Quatre caractères, que nous affirmons, dans le Symbole, comme étant de foi, constituent, par l’autorité divine, la véritable Eglise de Jésus-Christ et la font reconnaître ; et chacun de ces caractères fait tellement corps avec les autres qu’on ne peut l’en séparer. Ainsi, l’Eglise que l’on appelle et qui est réellement catholique, doit en même temps jouir de la prérogative de l’unité, de la sainteté et de la succession apostolique. L’Eglise catholique est donc une, et d’une unité glorieuse, parfaite, qui embrasse toute la terre et toutes les nations, de cette unité dont le principe, la racine, l’origine est l’autorité suprême indéfectible et la primauté du bienheureux Pierre, prince des apôtres, et de ses successeurs dans la Chaire romaine. Et il n’y a pas d’autre Eglise catholique que celle qui, fondée sur Pierre seul, s’élève formant un corps compacte et uni par l’unité de la foi et de la charité.

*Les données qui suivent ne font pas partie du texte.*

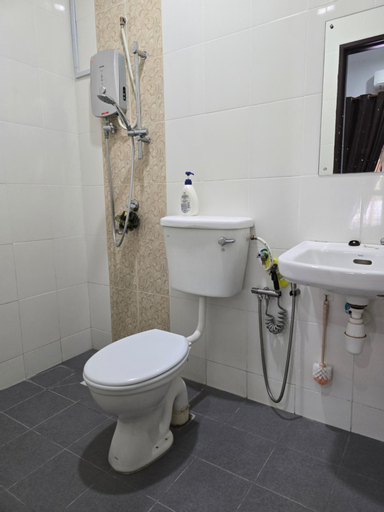 Bedroom 3, Thetamu Homestay مسلم Kepala Batas, Seberang Perai Utara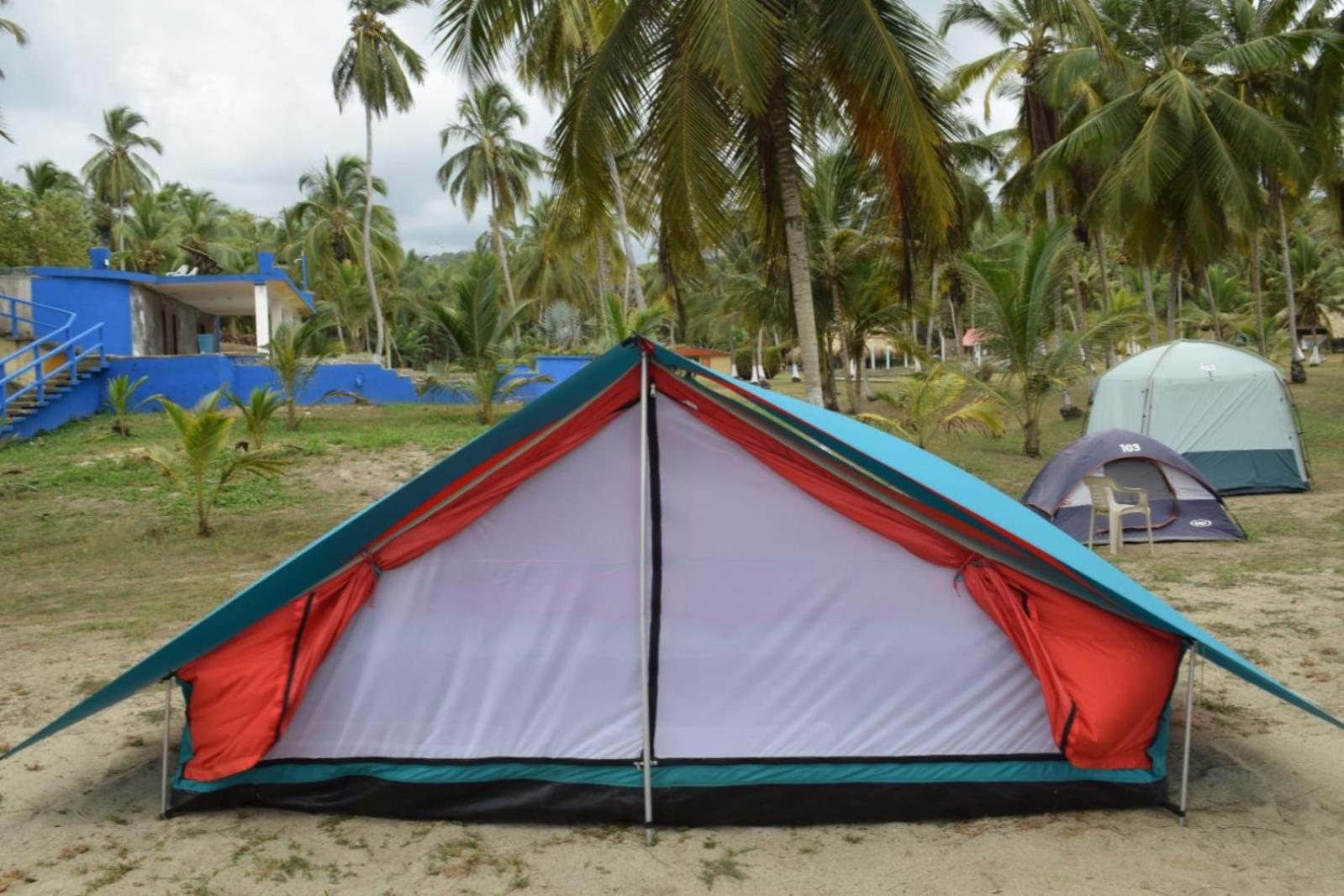 Casa De Campo Castillete Dentro Del Parque Tayrona El Zaino Δωμάτιο φωτογραφία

C’est ce qu’attestait de la manière la plus formelle le bienheureux Cyprien, dans son épître 45e, lorsqu’il tenait au pape Corneille ce langage : Pour que nos collègues se tinssent fermement attachés à vous et à votre communion, c’est-à-dire tout à la fois à l’unité et à la charité de l’Eglise catholique. Le pontife Hormisdas exigea la même déclaration des évêques qui abjuraient le schisme d’Acace, en leur imposant une formule approuvée par toute l’antiquité chrétienne et portant que ceux-là sont séparés de la communion de l’Eglise catholique qui ne s’accordent pas en tout avec le Siège apostolique. Loin que les communions séparées du siège de Rome puissent à juste titre être regardées comme catholiques, cette séparation même et ce désaccord sont un signe auquel on reconnaît les sociétés et les chrétiens qui ne gardent pas la vraie foi et la vraie doctrine du Christ, ainsi que le démontrait excellemment saint Irénée dès le second siècle de l’Eglise. [2] Que les fidèles du Christ aient donc bien soin de ne pas entrer dans ces Sociétés, auxquelles ils ne peuvent adhérer sans blesser l’intégrité de la foi. Qu’ils apprennent de saint Augustin que la vérité et la piété ne peuvent se trouver là où l’unité chrétienne et la charité du Saint-Esprit sont absentes.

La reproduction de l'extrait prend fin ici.